Arrivés au sommet de cet ultime gendarme, nous découvrons l’ensemble de la traversée que nous venons de réaliser. Le Rimpfischhorn en majesté, couronné de tous ses gendarmes au cœur d’un magnifique paysage glaciaire. Quel incroyable périple ! Des souvenirs plein la tête et le regard ébloui par tant de beauté, nous redescendons la pente de neige qui nous mène à l’Allalinpass. Conscients que les difficultés sont derrière nous, nous devons rester concentrés pour ne pas glisser. Car, en montagne, un moment d’inattention peut devenir fatal. Nous atteignons le col peu après 12 h et franchissons la porte du refuge à 14 h 20. Plus de 12 heures d’une odyssée sensationnelle. 1900 mètres de dénivelé positif et négatif. En nous retournant une dernière fois, nous aurions bien aimé revoir la montagne, mais elle s’est éclipsée sous les nuages. Tournant ainsi la page de notre traversée.

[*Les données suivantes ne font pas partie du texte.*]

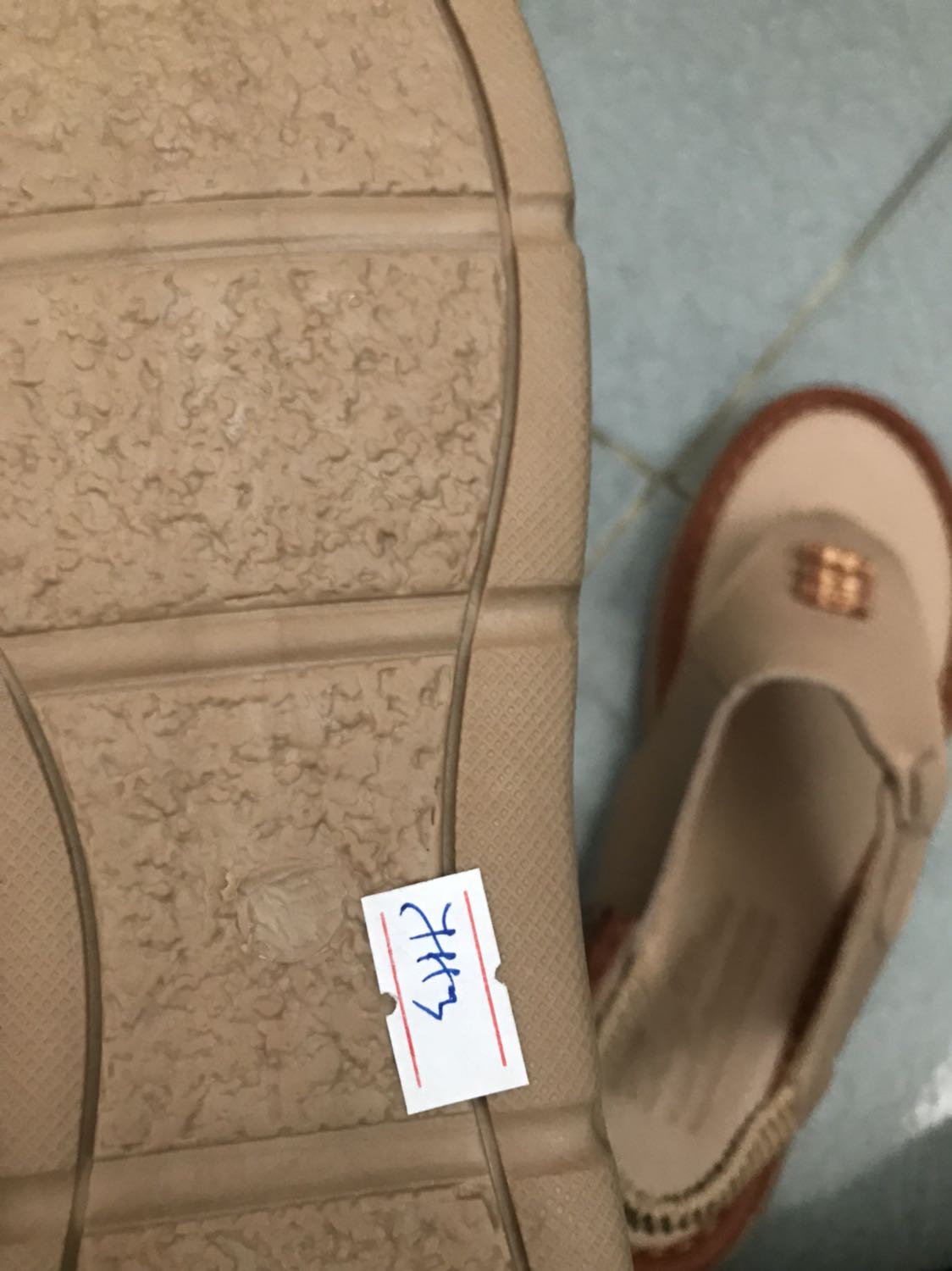 Mấy bạn cứ nhìn phần đế là rõ. Size giày in dưới đến bị xoá đi, lộ vết keo xoá. Mình mua cho mẹ size 40 mà ướm chân lên dư tận 2cm. Treo đầu dê bán thịt ***. Đã vậy keo còn lỏng bỏng.  Làm ăn như vậy chết người mua rồi. Lần sau có buôn bán thì nhớ có thì bán hết thì thôi. Đừng *** gạt khách hàng như vậy nữa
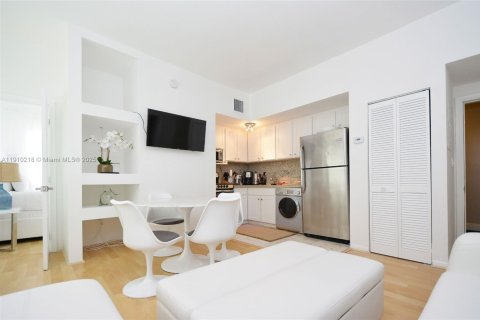 Купить кондоминиум в Майами-Бич, Флорида 2 спальни, 63.17м2, № 2013160 - фото 6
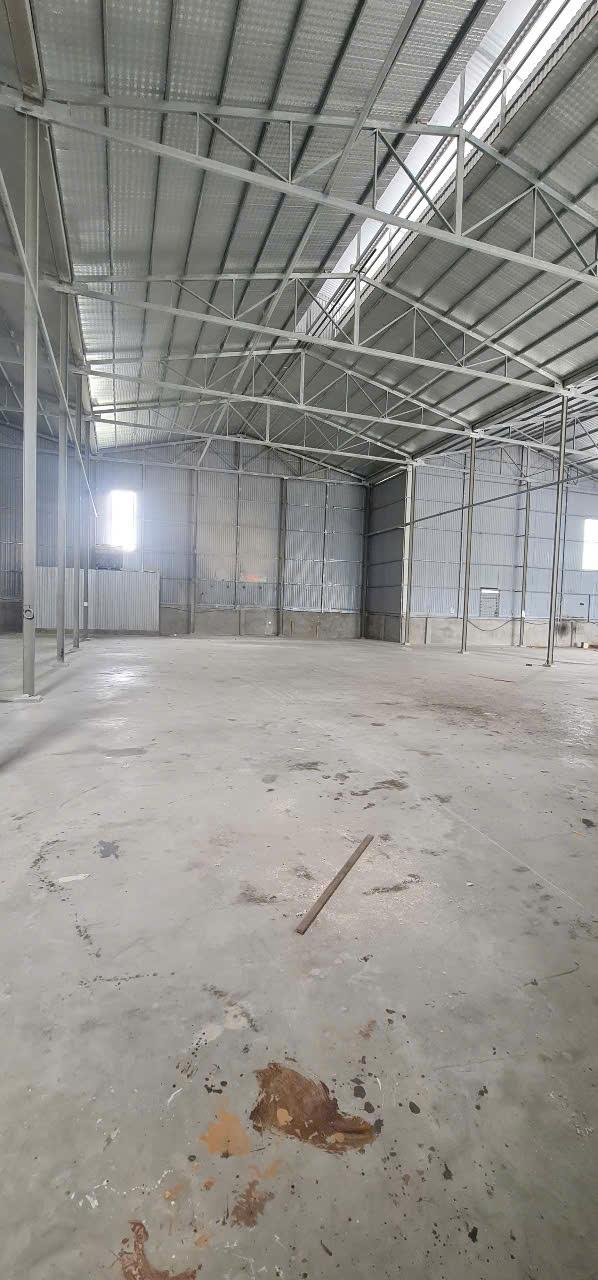 cho thuê kho xưởng tại Nguyễn Xiển , Thanh Xuân , Hà Nội. Diện tích 500m , xưởng cao 6.5m, đường xe container2552349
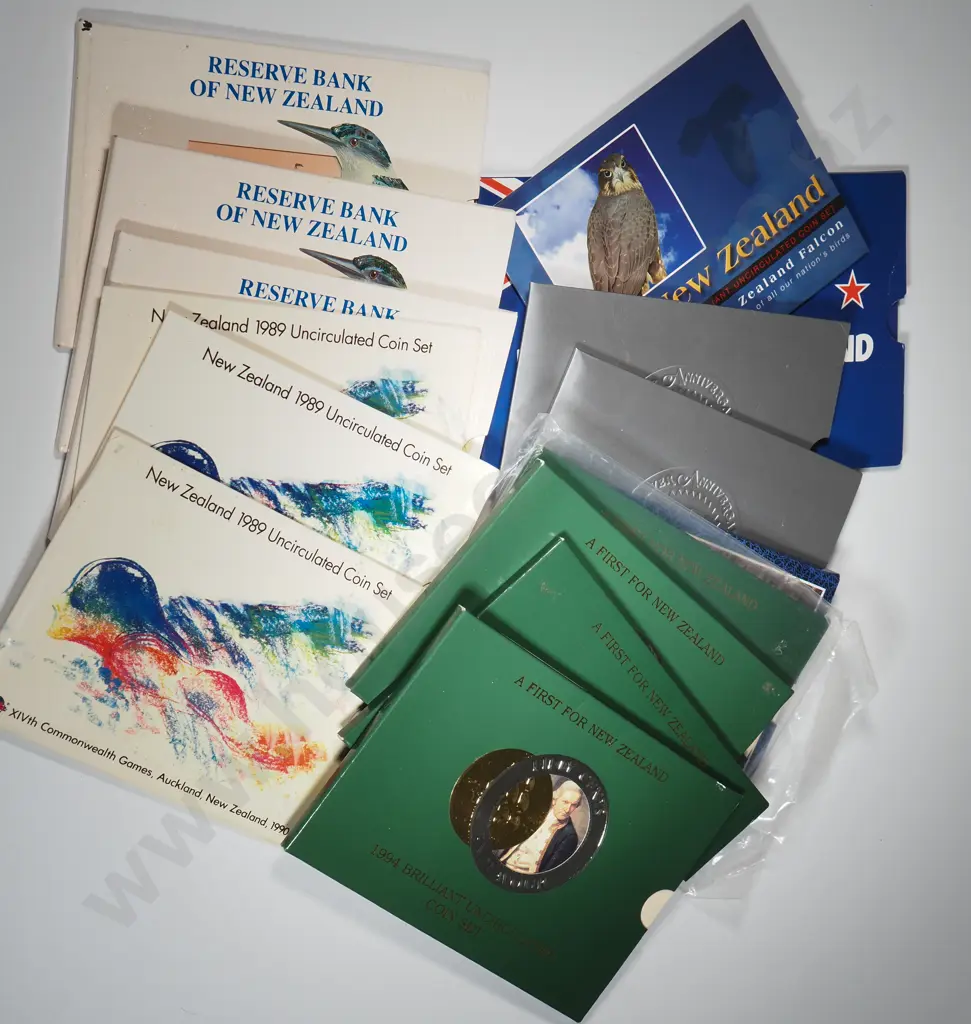 15 New Zealand UNC Coin Sets - Total CV $685 NZD  Image 1++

En réalisant cette ascension du Rimpfischhorn, je me suis dépassé, physiquement et psychologiquement. Réacclimaté aux sensations alpines, je me sens prêt à poursuivre de nouvelles aventures. Avec un objectif en tête : gravir les 82 sommets de plus de 4000 mètres qui se dressent dans les Alpes. Ce soir, je savoure ma 37e victoire. Des rêves plein le cœur, je m’endors au refuge pour repartir dès le lendemain à la conquête de l’Allalinhorn et de son arête sud.